The Weight of a Pen
by Murray Crane
Recently I spoke at Objectspace as part of their Design Lives Here series.
All speakers were asked to select a beloved object or design item in their lives. I pondered many things. It was a moment to reflect—not just on design as outcome, but on the quieter tools that shape how we work. The objects we carry. The ones we return to, day after day.
For me, that object is a pen.
I've carried one my entire working life, and for the last 25 years, it has been a black lacquer DuPont with palladium trim. I’ve owned several—replacing it every five years—but they’ve all been the same. The form never changes. Only the patina changes, worn by time and use.
I only use black ink. Never blue. It’s a small thing, but it matters—clean, clear, and final. That pen has written every Crane Brothers collection: four a year, for 25 years. Dozens of garments, each begun by hand, in ink. It’s made notes in showrooms, circled fabric codes, adjusted lapel widths mid-flight.
Every made-to-measure suit still begins with a handwritten order.
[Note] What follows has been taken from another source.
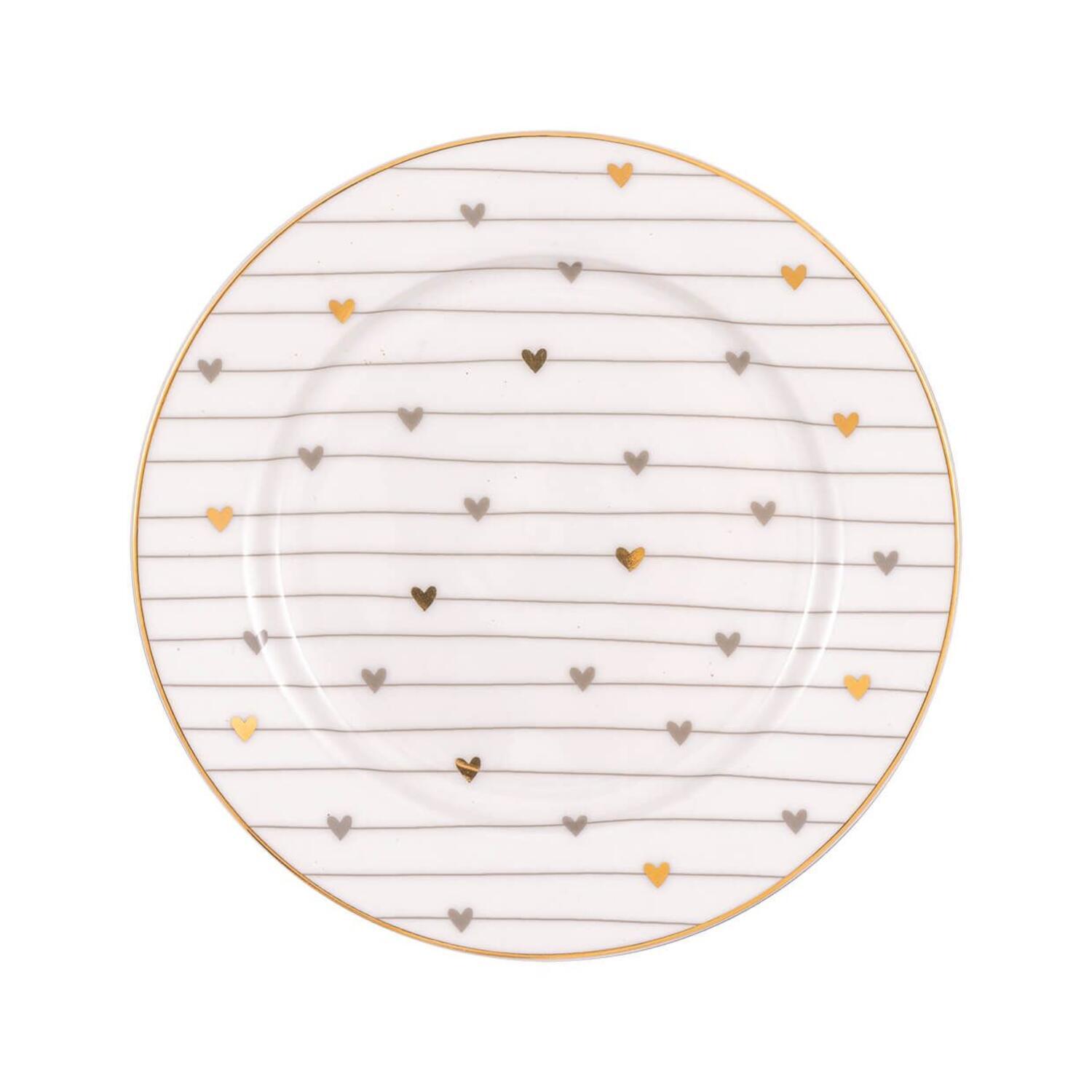 Dessertteller "Grace" - 15 cm (Grau) GreenGate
I average fifteen a week—nearly a thousand a year. That’s over 18,000 commissions committed to paper before they start. All drafted in the same ink, with the same pen.
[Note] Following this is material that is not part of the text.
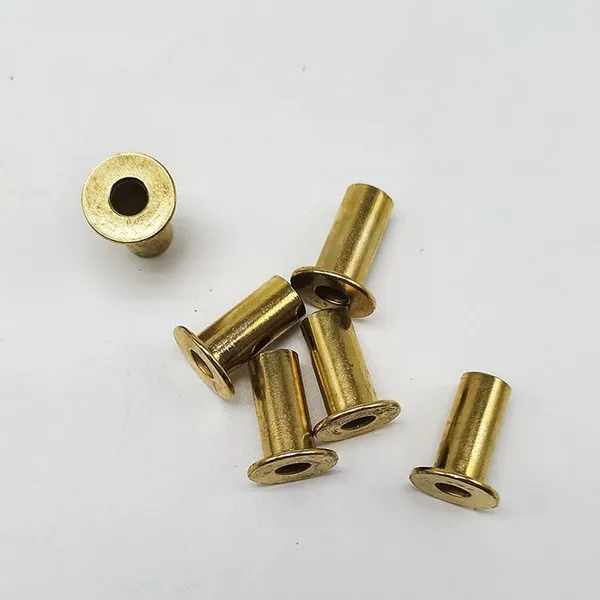 Metal brass copper flat head hollow tube rivets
And every Crane Brothers jacket includes a pen pocket. It’s not there for show. It’s there because I use it. That’s where the pen goes—through recessions, pandemics, good times and bad. If I forget it, I turn back. Its absence throws the day off balance. There’s a certain weight to it. Not just the brass, but what it represents: habit, intention, care.
Then, as equally important, are the personal notes—birthday cards, farewells, small gestures of thanks and affection. Too many to count. Quiet, consistent marks of presence. Of showing up.
Dieter Rams once said, “Good design is as little design as possible.” I’d add: good design is something you use and appreciate every day. Not something you put away for later. Something that becomes part of your rhythm.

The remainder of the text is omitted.